Nationwide Building Society has agreed the acquisition of Virgin Money, valued at £2.9 billion that will shake up the UK market by providing a large rival to other major lenders.
While nothing has been finalised, the offer is expected to see the two brands continue to be run as separate entities and no material change to the size of Virgin Money’s 7,300 workforce is expected either.
But this acquisition and the Barclays purchase of Tesco bank in early 2023 may not be all they are cracked up to be.
The all-cash offer of 220p per Virgin Money share represented a premium of 38% to Virgin Money’s share price.
However, the acquisition, apart from anything else, shows that challenger banks haven’t really lived up to their name.
Virgin Money was the largest. Judging from its low return on equity, at under 10% despite its reasonable cost to income ratio of 52%, it lacked scale in a highly competitive market.
The company tried to consolidate the market with the acquisition of Clydesdale and Yorkshire Bank in 2018, but integration went slower than hoped.
With a cost of equity in the teens, Virgin Money was destroying shareholder value. Even with the 38% jump in the shares seen since the announcement, the stock price has been moving sideways for five years.
Nationwide’s proposed cash offer represents a 40% premium to the three-month average price. That may look healthy. But Nationwide isn’t really stumping up much to become the UK’s number two retail bank in terms of mortgages and savings.
The offer pegs the bank at a valuation of 0.6 times tangible book value. Barclays paid a similar multiple for Tesco Bank, a fraction of the size.
Virgin Money has more than 3% of the mortgage market and 8.6% of the credit card market. It also has £14 billion of excess capital, enough to cover 150% of 30-day outflows from its deposits…in other words is gone cheap.
“The announcement this morning represents a continuation of the trend of consolidation in the mid-tier banking market. A number of the full service mid-tier banks continue to find themselves stuck in a catch-22 hence the recent uptick in dealmaking,” explains Simon Kent, Global Head of Financial Services at Kearney.
“On one hand, they’re unable to compete with the sheer size and customer base of the clearing banks, and on the other, many do not have the speciality or uniqueness that allows them to differentiate.
Particularly for companies where banking is not one of their core activities, selling the banking arm of their business allows them to reallocate capital to support core businesses.
From the perspective of the bigger banks, the opportunity to acquire these mid-tier institutions gives them access to not only customers, but also talent and tools which would take time and investment to replicate.”
The expanded company will become the country’s second largest mortgage and savings group by market share, should a takeover proceed.
Nationwide chief executive said: “Importantly, Nationwide will remain a building society, and a combined group would bring the benefits of fairer banking and mutual ownership to more people in the UK, including our continuing commitment to retain existing branches, as part of our ‘Branch Promise’ and leading levels of customer service.

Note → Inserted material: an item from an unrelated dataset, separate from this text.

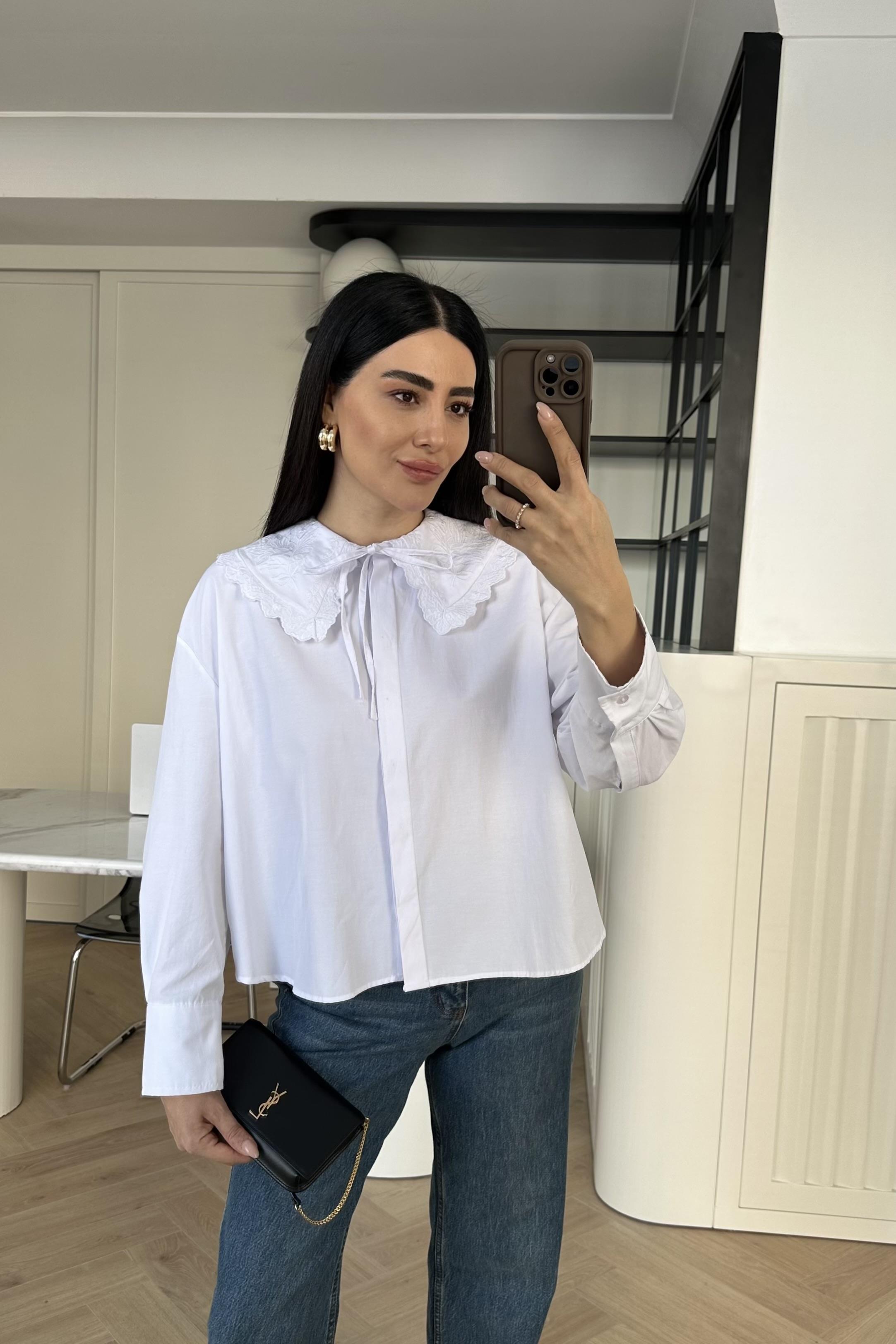 Beyaz Yakası Nakışlı Poplin Gömlek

“We believe the combination would create a stronger and more diverse business that will be better placed to deliver value to our members and customers, both now and in the future,” said Debbie Crosbie, CEO, Nationwide Building Society.
“The board of Virgin Money is pleased that Nationwide recognises the considerable strengths and opportunities that exist across our business, with the potential acquisition delivering attractive value for our shareholders,” concluded David Bennett, Chairman, Virgin Money.